I’ve wanted to write a blog post for several days and could not find the words to offer anything very interesting. But this morning, reading “The Art of Description” by Mark Doty, I came to a passage I’d marked some days ago and found worth pondering.
“…each descriptive act is one attempt to render the world, subject to revision. Perception is provisional; it gropes, considers, hypothesizes. Saying is now a problematic act, not a given; one might name what one sees this way, but there’s also that one, and that one. And if we’re not certain what we should say, can we be certain of what we’ve seen?”
Doty is primarily speaking on writing and especially poetry, but I also see the same dynamics in spoken words between people. We don’t know how to communicate because we don’t know what we’re seeing in the other person. We filter our vision through our own perspective. Say for example the other person frowns: we could read this as a disapproving look towards ourself or we could read it as a thinking frown, removing the person’s interest from ourself and into their own head, or we could believe a tiny bug creeps through the eyebrow hairs. So, okay, that’s probably not really very likely, but you get the point. I hope. We don’t really know what a frown means and only interpret it according to our own experience, our own perspective. I would certainly frown on feeling a tiny bug clambering though my eyebrow – either one, come to think of it. And then I’d worry about ticks or something. At that point, I’m both frowning from a physical feeling AND a worry. See what I mean?

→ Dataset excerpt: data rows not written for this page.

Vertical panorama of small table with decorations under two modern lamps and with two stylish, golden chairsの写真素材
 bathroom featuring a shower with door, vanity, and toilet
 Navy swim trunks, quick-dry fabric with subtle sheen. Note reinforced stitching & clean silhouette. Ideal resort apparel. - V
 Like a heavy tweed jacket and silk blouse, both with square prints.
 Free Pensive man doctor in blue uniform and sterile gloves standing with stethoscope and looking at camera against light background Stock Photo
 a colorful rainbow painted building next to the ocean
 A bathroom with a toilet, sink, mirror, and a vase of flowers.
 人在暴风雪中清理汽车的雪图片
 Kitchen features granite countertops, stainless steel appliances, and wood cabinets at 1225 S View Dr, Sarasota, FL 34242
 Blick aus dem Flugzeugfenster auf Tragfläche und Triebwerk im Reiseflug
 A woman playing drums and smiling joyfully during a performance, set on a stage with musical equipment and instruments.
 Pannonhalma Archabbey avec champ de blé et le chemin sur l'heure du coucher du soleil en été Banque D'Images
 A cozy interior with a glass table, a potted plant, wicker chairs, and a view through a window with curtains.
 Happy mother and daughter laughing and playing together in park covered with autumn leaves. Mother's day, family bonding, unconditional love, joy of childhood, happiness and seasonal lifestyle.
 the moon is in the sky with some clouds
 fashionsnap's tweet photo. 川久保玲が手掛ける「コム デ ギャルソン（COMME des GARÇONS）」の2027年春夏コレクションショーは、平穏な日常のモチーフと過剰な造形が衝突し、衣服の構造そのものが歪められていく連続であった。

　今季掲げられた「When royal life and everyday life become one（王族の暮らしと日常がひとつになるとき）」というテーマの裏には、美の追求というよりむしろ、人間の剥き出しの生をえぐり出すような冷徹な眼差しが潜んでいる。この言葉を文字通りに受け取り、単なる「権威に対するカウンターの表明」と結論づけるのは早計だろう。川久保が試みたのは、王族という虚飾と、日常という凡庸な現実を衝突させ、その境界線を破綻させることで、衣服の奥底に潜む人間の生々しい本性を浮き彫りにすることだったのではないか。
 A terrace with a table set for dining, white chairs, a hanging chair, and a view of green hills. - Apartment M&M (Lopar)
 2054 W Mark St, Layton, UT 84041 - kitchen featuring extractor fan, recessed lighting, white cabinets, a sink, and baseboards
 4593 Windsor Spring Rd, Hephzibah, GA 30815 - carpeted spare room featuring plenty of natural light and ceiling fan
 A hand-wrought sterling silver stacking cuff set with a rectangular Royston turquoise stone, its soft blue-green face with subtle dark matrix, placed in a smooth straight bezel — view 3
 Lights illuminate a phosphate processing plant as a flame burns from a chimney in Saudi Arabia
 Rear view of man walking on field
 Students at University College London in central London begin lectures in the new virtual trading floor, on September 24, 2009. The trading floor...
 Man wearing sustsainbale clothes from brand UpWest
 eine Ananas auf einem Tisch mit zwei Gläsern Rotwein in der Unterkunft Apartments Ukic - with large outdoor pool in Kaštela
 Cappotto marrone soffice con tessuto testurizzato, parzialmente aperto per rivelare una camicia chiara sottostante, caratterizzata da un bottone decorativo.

Some months ago, while reading The Meaning of Meaning, I came across the concept that words, in themselves, have no meaning – words are symbols of thought. Interesting. Words as symbols of thought. And that would explain why, even when two people speak the same language and have the same background, we can misunderstand the thought that creates the sentence. “But you said…..” we say. “No I didn’t say…..” we say. But not understanding that words reflect thought, thinking instead they reflect more words in a dictionary, we misunderstand the thought and think about the thought that’s created in our own personal repertory of experiences and perception. And then we argue about a word.
“Help me understand,” I sometimes manage to say. Help me unpack your experience and understanding so that I can understand what you are thinking. E-mail, for example, is notorious for being misunderstood. We can’t read the person’s perception electronically.
I like words. I like studying words and using a thesaurus and a dictionary to find the etymology and symbology of words. And I like writing them down and looking at them. And I like the precision of finding the exact right word to express the thought, even a thought that’s muddled. Muddled. Now there’s a kindly word. Muddled much kinder to my thought-process than stupid. But then stupid is a word I almost never use.
Maybe today is a day to think about the words you use – both toward yourself and toward others. Can you surprise yourself with the words you use by connecting them to the thoughts that produce them? Now there’s a task that could keep you pretty well occupied for most of the day!